Edukacja

To nie tak, że uważam, że seksizm nie istnieje. Istnieje i jest szkodliwy. Tym niemniej, uważam, że prawdziwy seksizm w XXI wieku jest wymierzony w mężczyzn.

Kobiety w ciągu ostatnich dziesięcioleci zostały uwolnione od swych tradycyjnych ról płciowych. Mogą być kim chcą i robić co chcą, nie ma tu praktycznie żadnych limitów (bynajmniej nie w zachodniej kulturze). Natomiast od mężczyzny wymaga się tej samej rzeczy, której wymagało się od niego przez ostatnie tysiące lat – bycia dostarczycielem zasobów materialnych dla rodziny. Zapewniania – jak to określają kobiety – poczucia bezpieczeństwa. Wartość mężczyzny – w przeciwieństwie do współczesnych kobiet, których wartość mierzona jest różnymi parametrami – jest współmierna tylko i wyłącznie do jego statusu społeczno-ekonomicznego. Nie masz pęgi? Jesteś śmieciem.

Sytuacja ta ma wiele reperkusji. Dzisiaj rzucę nieco światła na jedną z nich – edukację. W Polsce kobiety są lepiej wykształcone, stanowią bodajże 58% studentów. Dlaczego? Otóż całe masy chłopaków decydują się na wcześniejsze rozpoczęcie pracy, by wspomóc finansowo rodzinę – tą, którą ich wychowała, lub tą, którą założyli. Studia zaoczne jak wiadomo kosztują krocie. Kobiety nie czują tak dużej presji na wczesną niezależność finansową, ani na bycie finansową podporą dla rodziny.

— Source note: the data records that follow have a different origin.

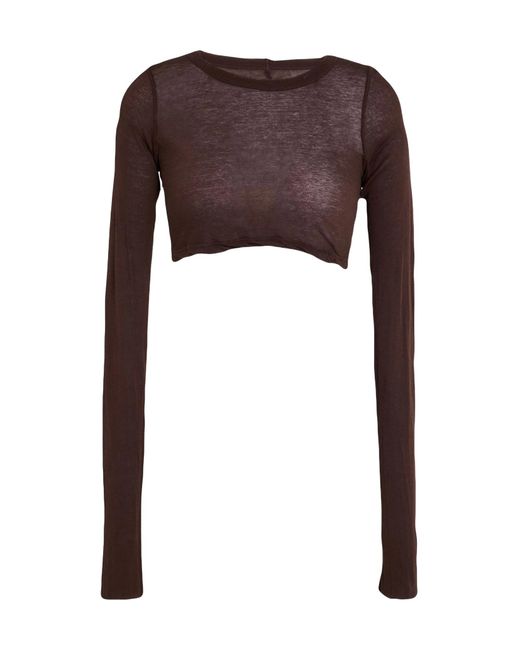 Rick Owens Brown Solid Color Tops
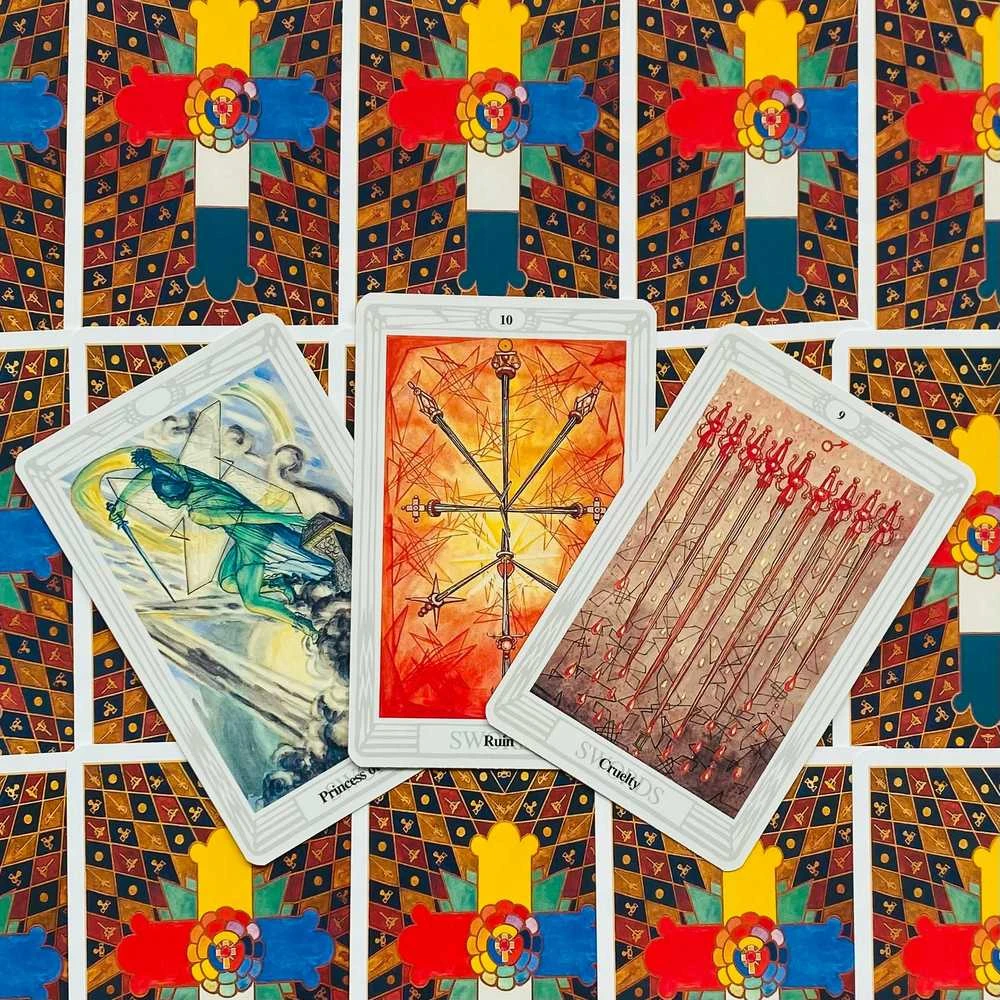 Taro kortos Aleister Crowley THOTH US Games Systems
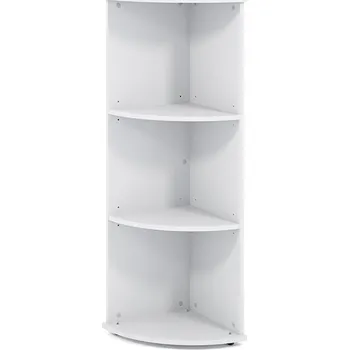 Policová skříň Střední rohová skříň Impress 37 x 37 x 119,6 cm, bílá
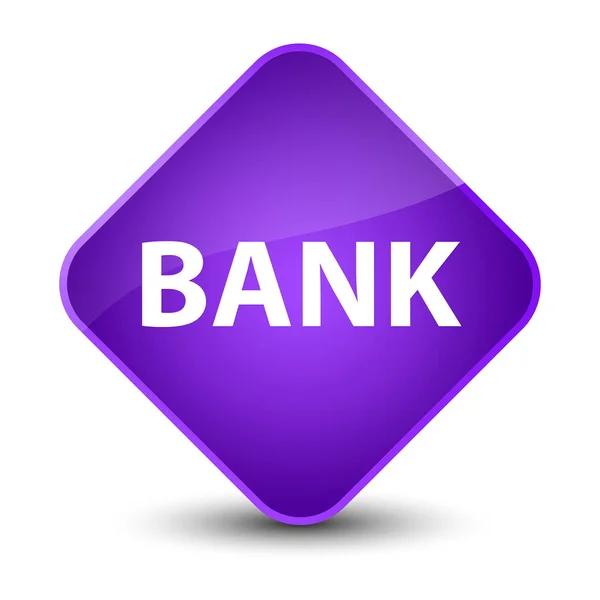 上品な紫色のダイヤモンド「銀行」ボタン — ストック写真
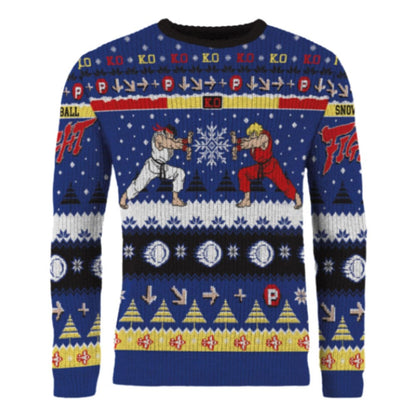 Street Fighter Christmas Pullover Ryu & Ken Größe XL Image 1
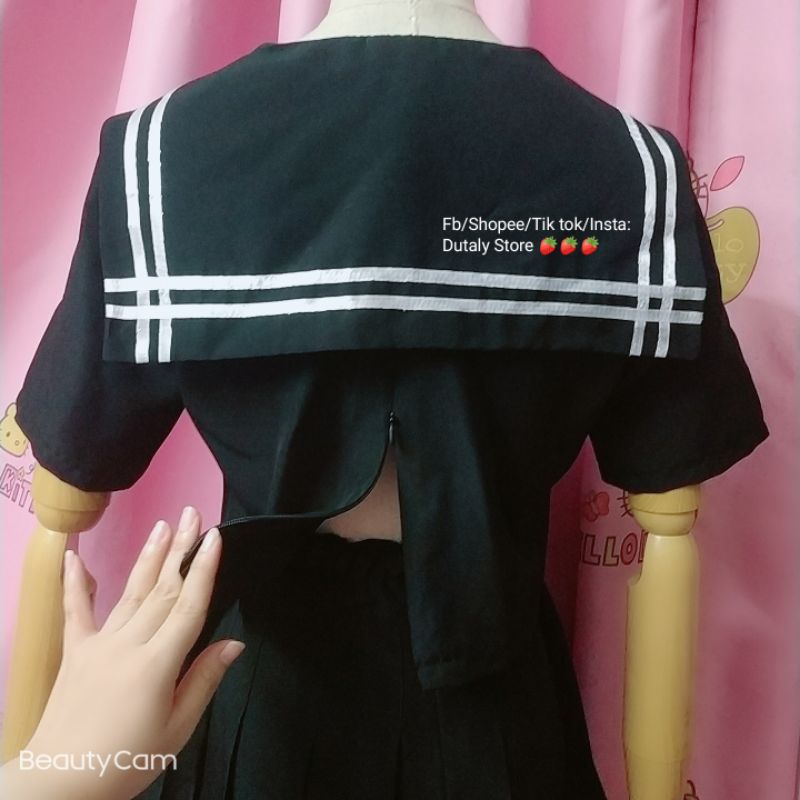 Girl 40 - Set cosplay theo art, đồng phục thủy thủ seifuku đen | BigBuy360 - bigbuy360.vn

Kolejną sprawą, dość dobrze znaną psychologom, jest to, że edukacja na najwcześniejszych etapach, jest dużo lepiej przystosowana do potrzeb i sposobu uczenia się dziewczynek, niż potrzeb i sposobu uczenia się chłopców. Gorsze oceny zrażają wielu chłopaków do edukacji już na samym starcie. Myślę, że jest to jedna z ważniejszych oraz najbardziej realnych rzeczy którą można by zmienić.

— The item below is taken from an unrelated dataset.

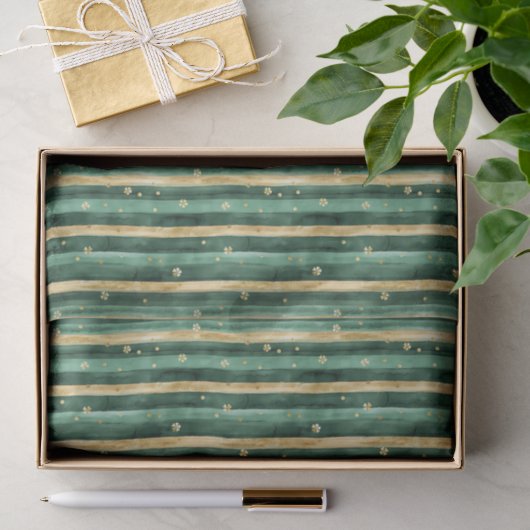 Groen Gouden Klaver St. Patrick's Day Tissuepapier (Geschenk)
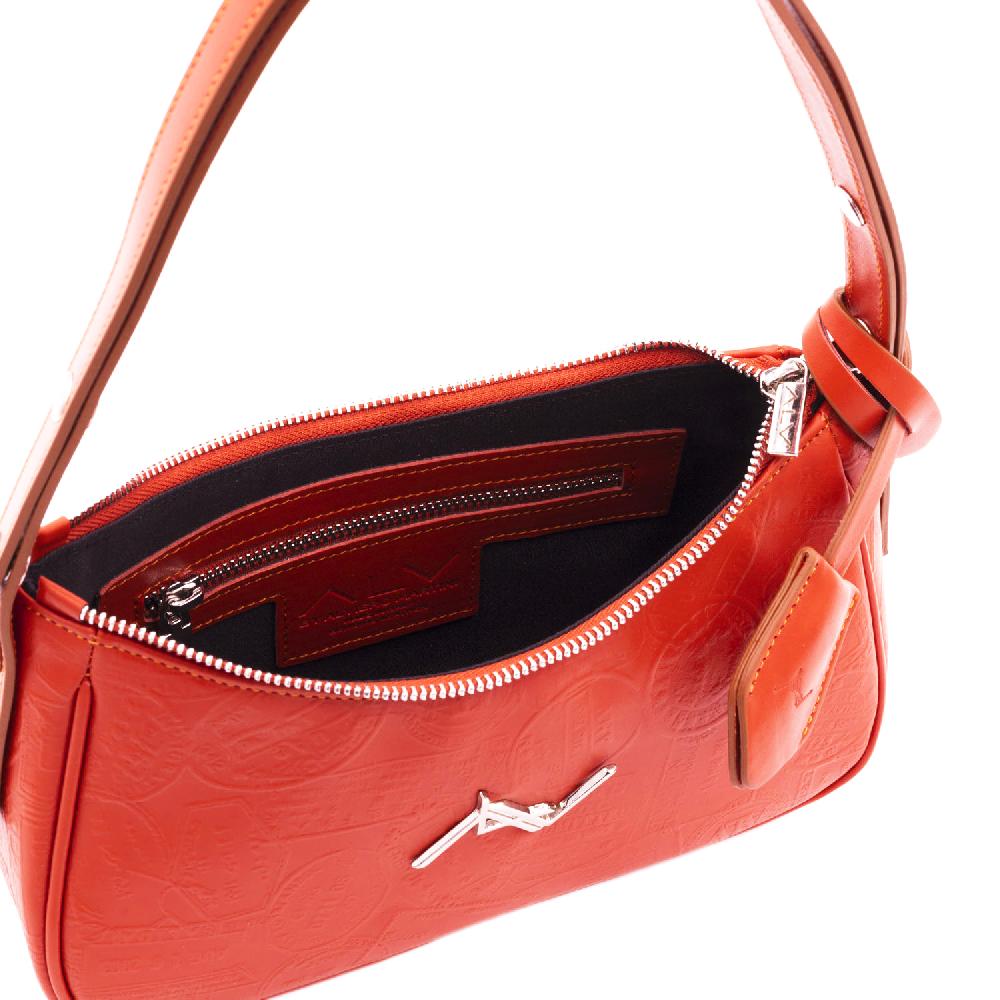 Alv by alviero martini Borsa a mezzaluna in pelle stampa Passport – ALVBT200X Promozione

I na sam koniec najlepszy smaczek ;) Jak jesteś dwudziestoparoletnim facetem, jesteś w pełni świadomy, że masz dużo większe szanse na znalezienie atrakcyjnej partnerki wtedy, gdy masz prawko, auto i comiesięczną wypłatę, niż jak jesteś studenciakiem wożącym słoiki z domu. Fakt, że to krótkowzroczne myślenie, jednak dziewczyny nie mają takiego dylematu w najbardziej kluczowym dla rozwoju człowieka okresie.

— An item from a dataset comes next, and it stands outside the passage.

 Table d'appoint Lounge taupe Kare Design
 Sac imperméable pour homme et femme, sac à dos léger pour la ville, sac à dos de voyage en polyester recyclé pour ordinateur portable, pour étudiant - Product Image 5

Znam te feministyczne pierdy na pamięć – kobiety są lepiej wykształcone, ale zarabiają mniej. DYSKRYMINACJA!!!

Sorry, ale nie.

Kobiety zarabiają mniej, gdyż wiąże się to z WYBORAMI I PREFERENCJAMI kobiet i mężczyzn. Jeżeli poszperasz nieco głębiej niż sięga publicystyka Wybiórczej, dowiesz się np, że mężczyźni biorą więcej nadgodzin i wybierają cięższe i lepiej płatne prace, natomiast kobiety biorą więcej urlopów i wybierają mniej płatne, aczkolwiek lżejsze prace. Nie mówię, że wszystkie. Mam na myśli pewne zauważalne PREFERENCJE. (de facto płacenie mniej za tą samą pracę z powodu płci czy orientacji jest nielegalne) Czy to oznacza, że kobiety są leniwe? Nie, oznacza to, że jeszcze nie wszystkie zaprzedały swoją kobiecość na rzecz charówki w korpo i kariery. Wyobraźcie sobie nawet, że niektóre jeszcze – o zgrozo – chcą mieć dzieci i rodzinę! Jakież straszne zacofanie… Jakiż okrutny patriarchat…


LOL.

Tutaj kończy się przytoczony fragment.